Der Blick des aus einer Musikerfamilie kommenden Fotografen ist dabei stets von meisterlicher Präzision. Die Ausstellung zeigt dies auch anhand von Motiven, die aus einer uns weit bekannteren Welt stammen. Etwa eine Aufnahme von Mick Jagger auf einer Tournee 1983, die der Spross einer Musikerfamilie begleitet hat. Der Sänger der Rolling Stones ist sichtlich in seinem Element, die Sehnen des nackten Oberkörpers treten stark hervor, der Schweiß läuft in Strömen. »Da sang er »Sympathy for the Devil«, sagt Venzago. »Das passt.«

Warhol mochte Polaroidkameras

Ein anderes perfektes Porträt gelang ihm von Andy Warhol, dem er in New York begegnete. Weil sich Venzago intensiv auf dieses Treffen mit dem als äußerst schwierig geltenden Künstler vorbereitet hat, brachte er eine Polaroid-Kamera mit, »denn Warhol liebte diese Kameras«. So kamen die beiden unmittelbar ins Gespräch, während Venzago auf den Auslöser drückte und ein Bild schuf, dass wegen der Kraft seiner tiefroten Farbe ausnahmsweise einmal nicht in Schwarz-weiß gehalten ist. In Wetzlar schaut der stark vergrößerte Warhol den Betrachter von einer riesigen Wand aus an.

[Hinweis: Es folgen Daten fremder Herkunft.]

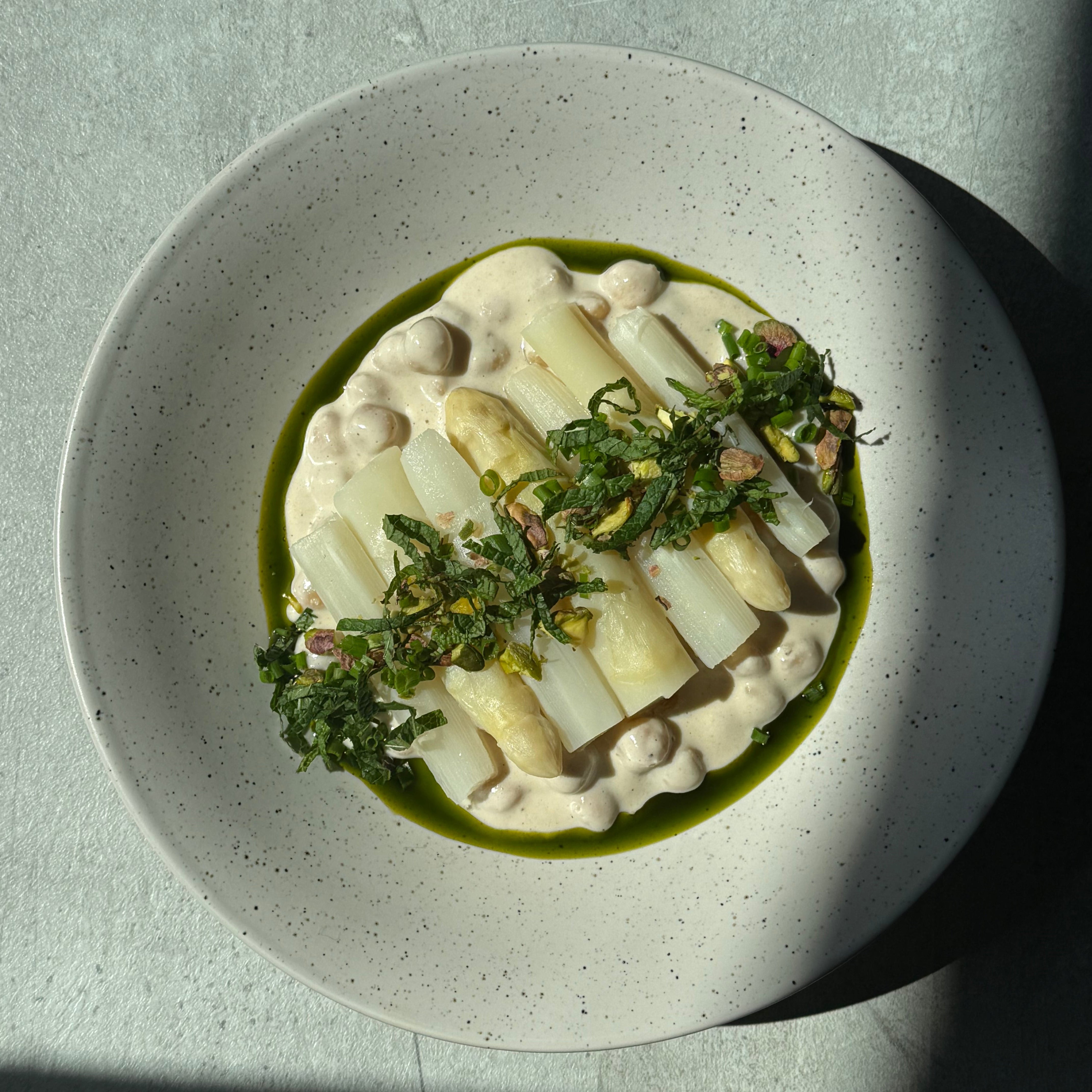 Image of White Asparagus & Chickpeas Umami Glow with Sichuan Potato Salad, Fresh Herbs & Pistachios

Was diese wunderbare Ausstellung nicht offenbart, sind dagegen die dramatischen und bisweilen auch schockierenden Szenerien, die der Reporter in großen Magazinen veröffentlichte. Als Kriegsberichterstatter etwa, was ihn so traumatisiert hat, »dass ich für mehrere Jahre keine Beziehung mehr führen konnte«. Oder als Zeuge der Kinderprostitution in Manila Anfang der 90er Jahre. Mit seiner Arbeit um die westlichen Freiern ausgelieferten jungen Opfer trug er dazu bei, dass die deutsche Rechtsprechung verändert wurde, wie er bei der Einführung erklärte. »Es war das einzige Mal, dass ich das Gefühl hatte, wirklich etwas zu bewegen.«

Was aber all die unterschiedlichen für die Schau in Wetzlar ausgewählten Aufnahmen zeigen, ist die große Lebenslust und die Begeisterung für Menschen und Zivilisationen, an denen Alberto Venzago die Besucher dieser brillanten Schau teilhaben lässt.

Die Ausstellung »Alberto Venzago: »Stylist der Wirklichkeit« ist bis zum 14. Mai im Ernst-Leitz-Museum auf dem Gelände der Leica Welt (Am Leitz-Park 6) in Wetzlar zu sehen. Die Öffnungszeiten sind von Montag bis Sonntag täglich von 10 bis 18 Uhr. Der Eintritt beträgt 11 (8) Euro. Weitere Infos im Internet unter https://leica-welt.com/. (bjn)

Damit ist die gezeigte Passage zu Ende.